Monday, February 20, 2012

UPS, vSphere, APCUPSD, PowerCLI and IPMI

 

One area that I feel is overlooked when dealing with VMware vSphere environments is UPS. Many organizations have a UPS and also a backup generator. But they don’t have a nice way of shutting everything down gracefully. I have heard that they don’t need that because of the generator, so the power will never be out.  But what happens if the generator doesn’t work correctly?

Anyway…I wanted a system for my home lab to shut everything down nicely and then bring it back up in the correct order.

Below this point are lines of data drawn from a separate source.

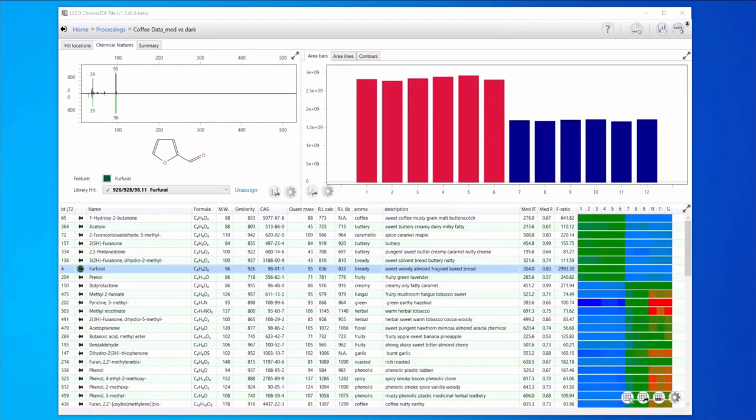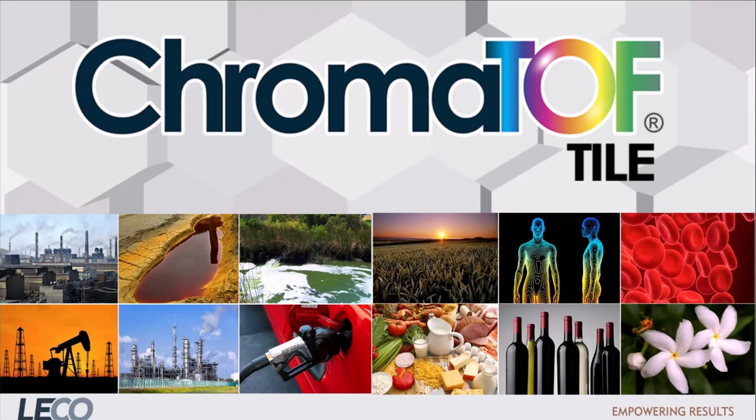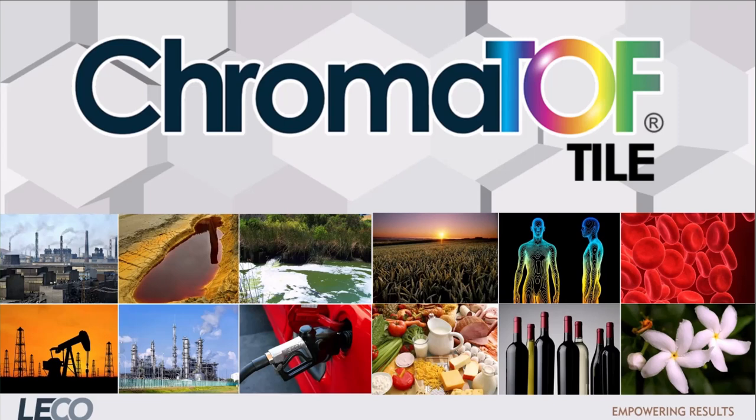ChromaTOF Tile is an efficient way to focus your analysis so that you can quickly find the important information in your data. In this example we explored coffee and roast level differences but this tool has broad applicability for many types of samples and experiments when the analysis goals involve comparing different classes or groups of samples with each other.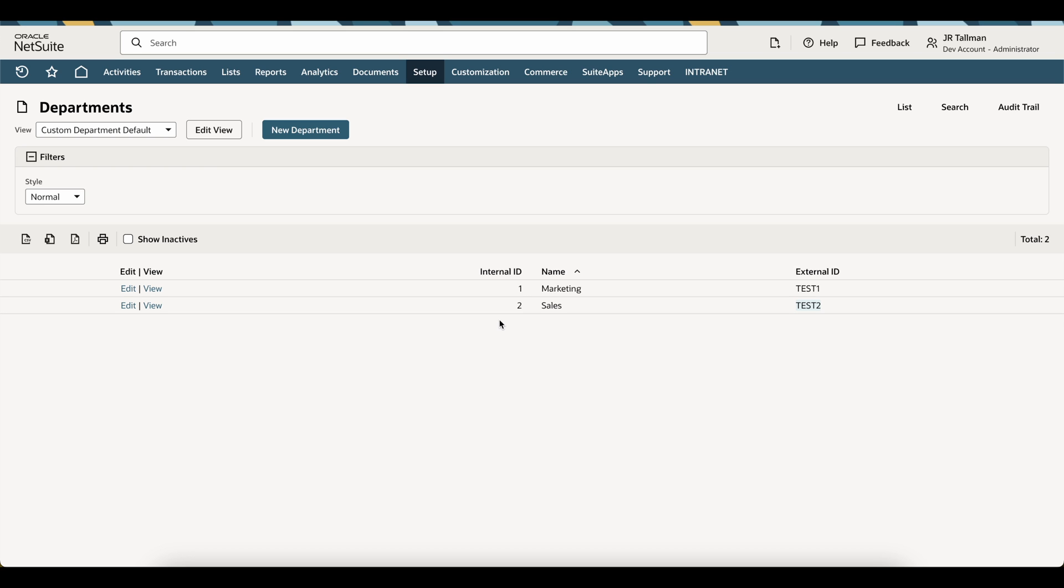Again, that was updated because I set the internal ID on my import. I can easily change that at any time, and I can do that for all types of records within NetSuite. Just make sure that you have the internal ID set on your import, and you should be good to go.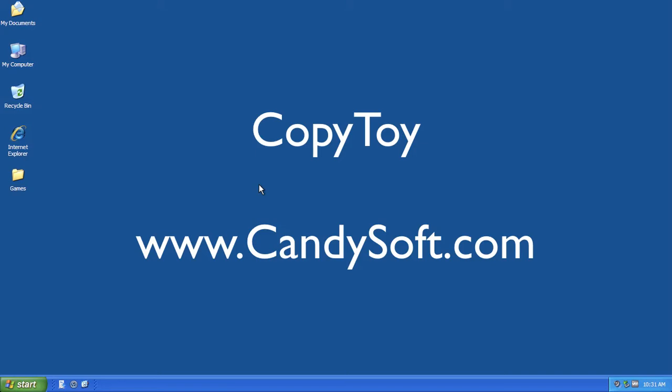Hello, I am Kevin from CandySoft. Here I will show you how to use CopyToy to transfer your data from iPod to your computer.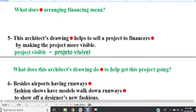Line 5. This architect's drawing helps to sell a project to financiers by making the project more visible. Question: what does this architect's drawing do to help get this project going? This architect's drawing helps to sell a project to financiers by making the project more visible.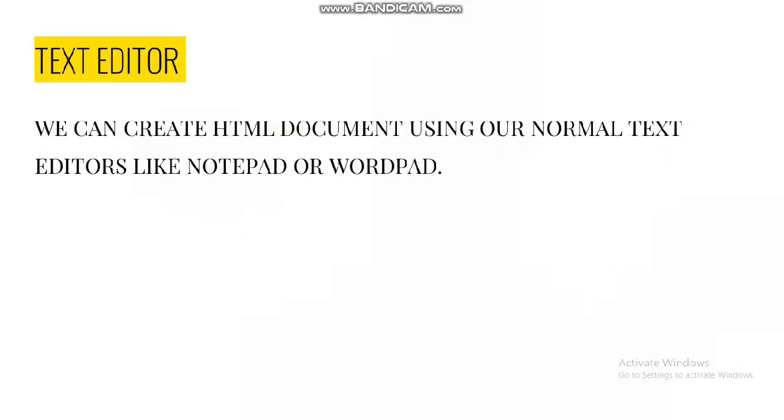Next is your text editor. This is the editor where we are going to do our HTML coding in the later half of your classes. You can also create HTML documents using normal text editors like Notepad or WordPad. Unlike the previous editor which was What You See Is What You Get, here one is required to have proper knowledge of HTML commands to develop web pages.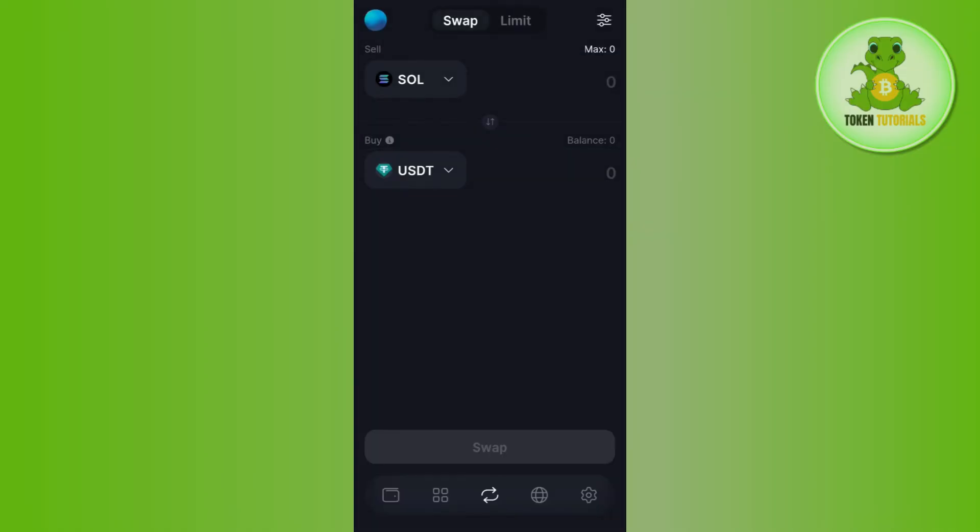Simply select USDT, then enter the amount of Solana that you want to convert into USDT.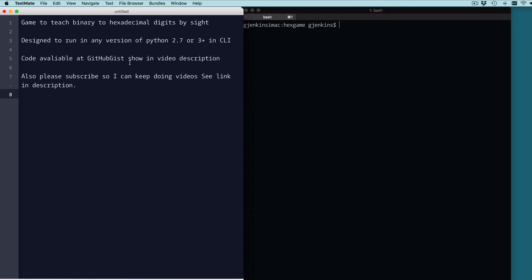Okay, this is a short video. Introduce a game that I wrote to originally teach binary and hexadecimal to my students in a systems architecture course by sight.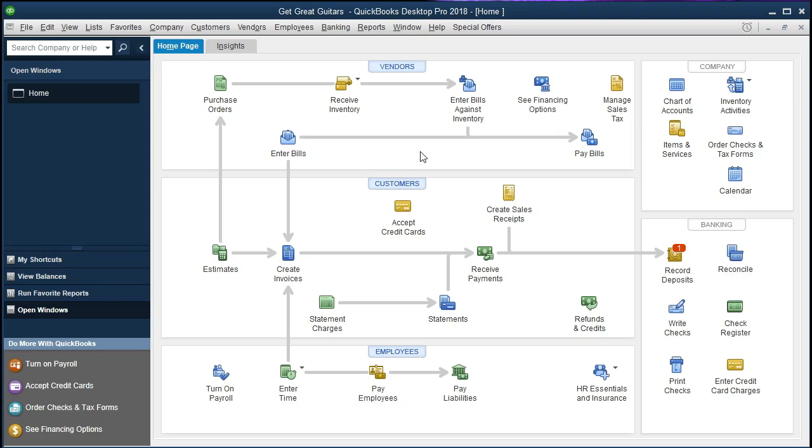Some of the adjusting entries will require or could use a reversing entry. It's one system that can be used in order to make things more efficient between the data input that normally happens throughout the process and the adjusting process at the end of the period.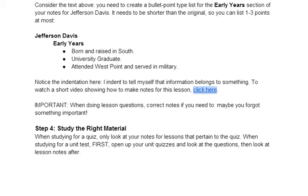Anyway, that's my short four tips to making notes. I hope you found this video helpful. Thanks.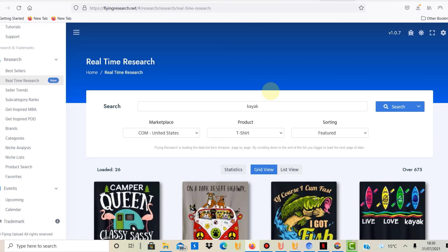I tried it here. So I typed in kayak, which is a niche that I sometimes create designs in and that are selling.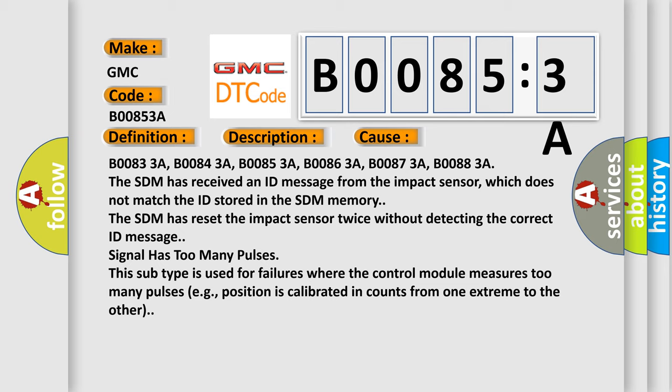B00833A, B00843A, B00853A, B00863A, B00873A, B00883A. The SDM has received an ID message from the impact sensor, which does not match the ID stored in the SDM memory. The SDM has reset the impact sensor twice without detecting the correct ID message.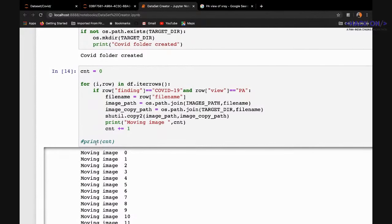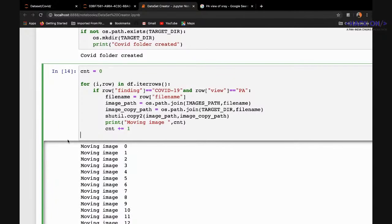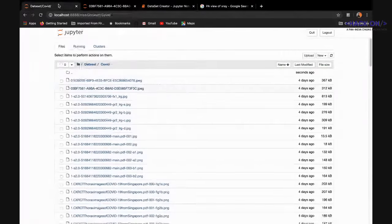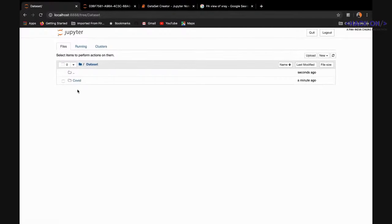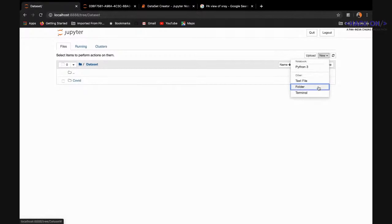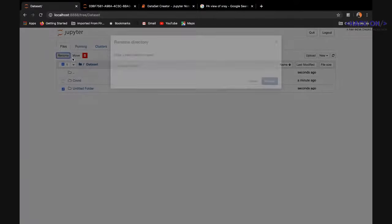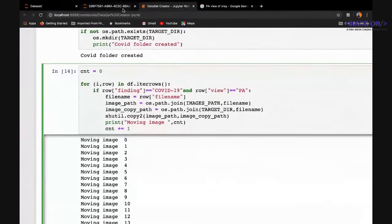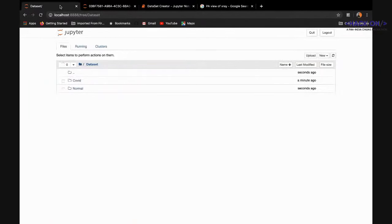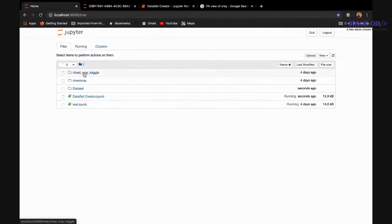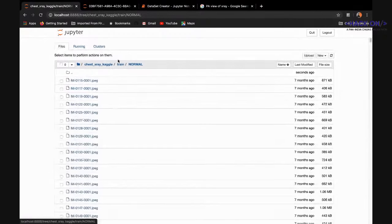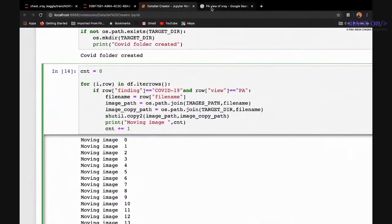Now we need to create a 'normal' folder. We'll create another folder containing normal images using the Kaggle chest X-ray dataset. In the training part of that dataset there are two folders: 'normal' and 'pneumonia'. We'll copy some images from the normal folder.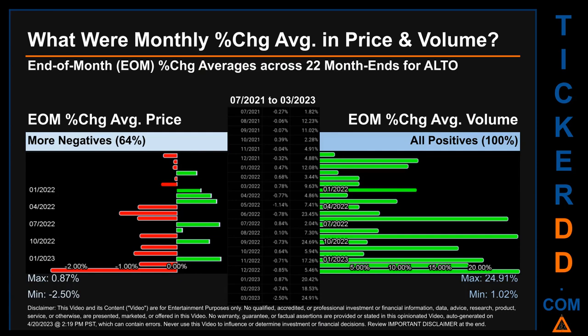In terms of volume, 22 out of 22 month-ends had a positive percentage change — that is, 100% of month-ends saw a positive percentage change in average volume. Price saw an end-of-month max of 0.87% in average percentage change, along with a minimum of minus 2.50%. For volume, the maximum and minimum monthly percentage changes were respectively 24.91% and 1.02%.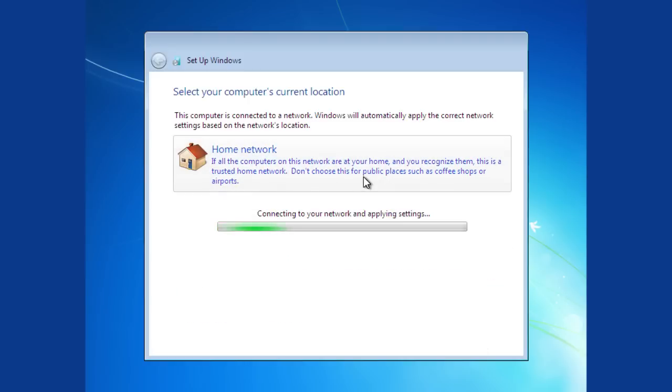After that, the setup will connect to the network and apply all selected settings. The process might take some time.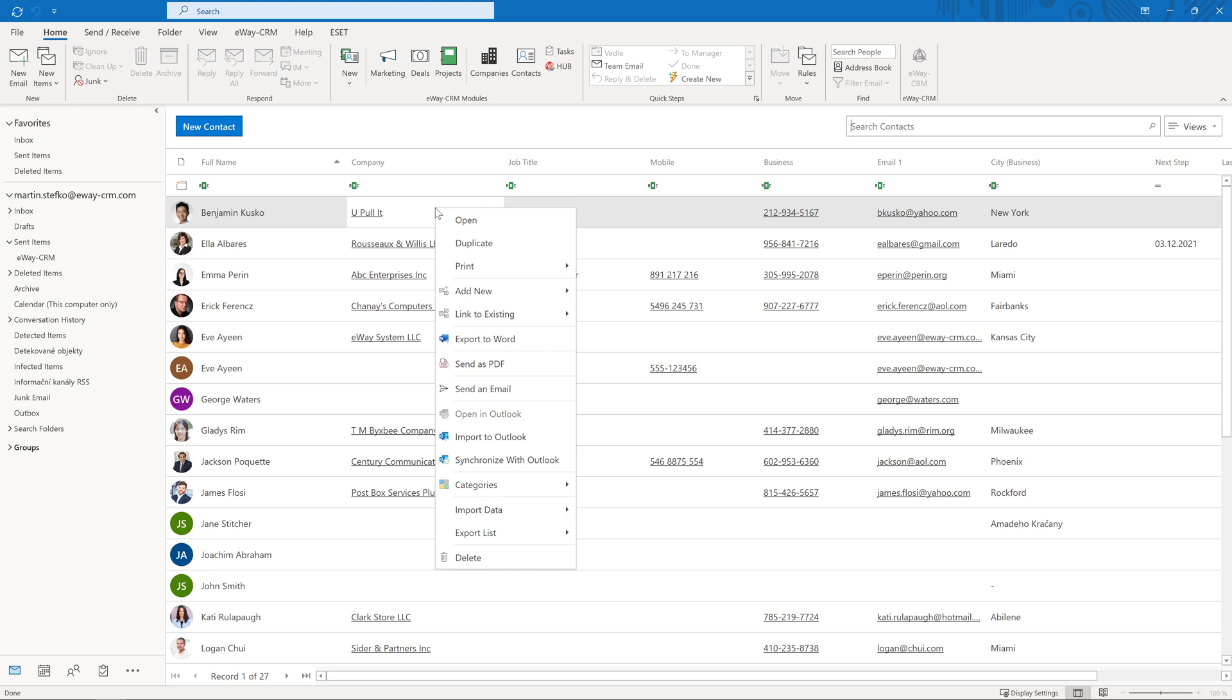Why is this important? If you have added more information like addresses, phone numbers, etc. in eWay CRM but sync the contact based on its state in Outlook, those new details will be erased.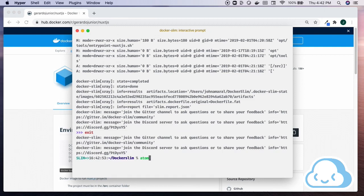Docker Slim records the details of its analysis in a JSON report file. Open the report file in your text editor of choice to view the report details.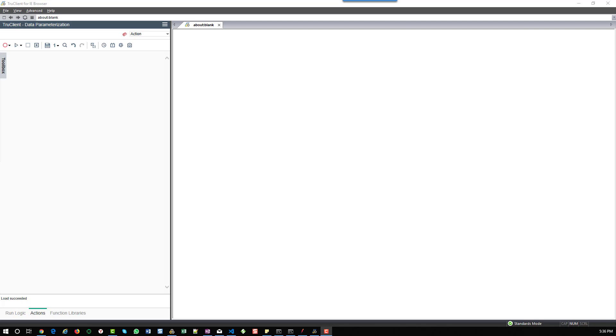Hi friends. In this video, we are going to see how to parameterize in TruClient. There are multiple ways of doing parameterization, but this video will tell you which way is simple and effective.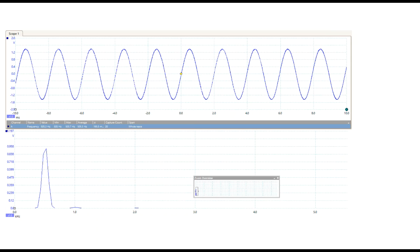However, any other periodic wave is perceived differently because it contains a different number of frequencies. This is the reason why different musical instruments playing the same note will sound differently — because the harmonic content is always different.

I own a APC UPS that is a 1500 VA. Off of that, I run 2 of the Tyan motherboard white box ESXi 5 servers, 1 HP ML 350 G4p running ESX 4.0, a Linksys 48 port switch, one small iSCSI server using the Starwind software and one large storage server also running the Starwind Software iSCSI target.

All that runs about 68% load capacity on the UPS – I should probably get another one and split the load – but I will do that later.  This UPS is connected to the large storage server via a Serial cable so it can handle the monitoring duties.

So….I want have the following procedure in the event of a power failure:

  1. Shut down the VMs.
  2. Shut down the ESXi hosts.
  3. Send a “kill” command to the UPS so it turns off the power after a grace period (3 mins).
  4. Shut down the storage servers.

So….Point #3 – this is important because I want the servers to come back on automatically once power is restored.  If the UPS itself doesn’t shut off then the servers won’t see that as a power failure and won’t come back on once power is restored.

Also…it is important to note that the BIOS setting of the storage servers must be adjusted so that they are set to “Power On” in the event of a power loss. However, I must set the ESXi servers to NOT “Power On” in the event of a power loss – why?  You ask?

The problem is that the new ESXi 5 servers boot way faster than the iSCSI storage servers, so they are up before the storage is. And if that happens then the VM’s obviously won’t start.

So….since my fancy new servers (actually under $500 each!) have builtin IPMI – I will have a script on the storage server that will power them on and start up the VM’s once the storage server is started back up. This will ensure that everything comes back up in the correct order.

APCUPSD

First I downloaded and installed the apcupsd application – I found it much easier to use and understand than the standard PowerChute software – however, PowerChute or any other UPS monitoring application that can run scripts will work just fine.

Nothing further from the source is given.